The light was waning now and no more negatives were to be had, so that I was able to settle myself down to a quiet pipe without any arriere pensee. Our entertainer told us much that was interesting about life in the interior and his journeyings there. One of his anecdotes struck me as being amusing. The Captain had been anxiously inquiring about heavy game, to which the missionary answered that he had only once seen an elephant on the banks of the river, and never wished to see another. "I'm not much of a shot," he said, apologetically. "You see, the beast was standing among some bushes, so I went ashore with the heavy rifle and got as near him as I could. There were some flies bothering him, so he kept moving about, wagging his little stump of a tail. At last he stood still, with his head in the air and his tail standing straight up, so I let fly.' The bullet must have passed over its head, for it hit the tail and snapped it clean off like a carrot. If I had aimed at it, it would have been a magnificent shot. The animal was too astonished to be vindictive, and when last I saw him he was leaning against a tree, apparently trying to recall the circumstances which led up to this painful affair. I made for the boat as fast as I could scamper, and very glad I was to find myself safe and sound inside it."

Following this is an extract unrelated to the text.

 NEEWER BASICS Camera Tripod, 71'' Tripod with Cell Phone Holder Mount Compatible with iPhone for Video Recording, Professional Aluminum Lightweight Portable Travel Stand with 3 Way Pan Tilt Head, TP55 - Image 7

It was almost night time before we took our leave of the hospitable clergyman and made our way down to the boat. We passed the house of the Devil and the still disconsolate prisoner, and were hailed by a cheer from our crew, who, during our absence, had drunk decidedly more rum than was good for them. We pushed off into the stream, and were just starting on our return when we made out a tall warrior gesticulating on the bank. He had come down to inform us that the king was waiting to see us.

"Confound the king!" remarked the Captain.

"Supper's waiting on board," said Haines.

I am not proud. I thought of the man in the ant-hill and threw in my vote for avoiding his majesty, and the measure was carried. We explained to the ambassador that if the king waited until he saw us he would have one of the finest opportunities of waiting that might ever occur to him. With that, and a strong conviction that "Britons never, never, never," &c., we swung the boat round and went gliding rapidly down the broad, glistening stream, till a few scattered lights and a dark hull rising out of the water in front of us informed us that Old Calabar and the "Syria" were reached once more.

There was a scrambling up the latter, a delicate handing of plate-carriers, and a few anxious inquiries from my fellow amateur, who chuckled much on learning that the war canoe had escaped me. And so to supper, with the satisfied feeling produced by half-a-dozen negatives in the background (most of which, I may mention, gave very excellent results), and the consciousness of an evening both pleasantly and usefully spent.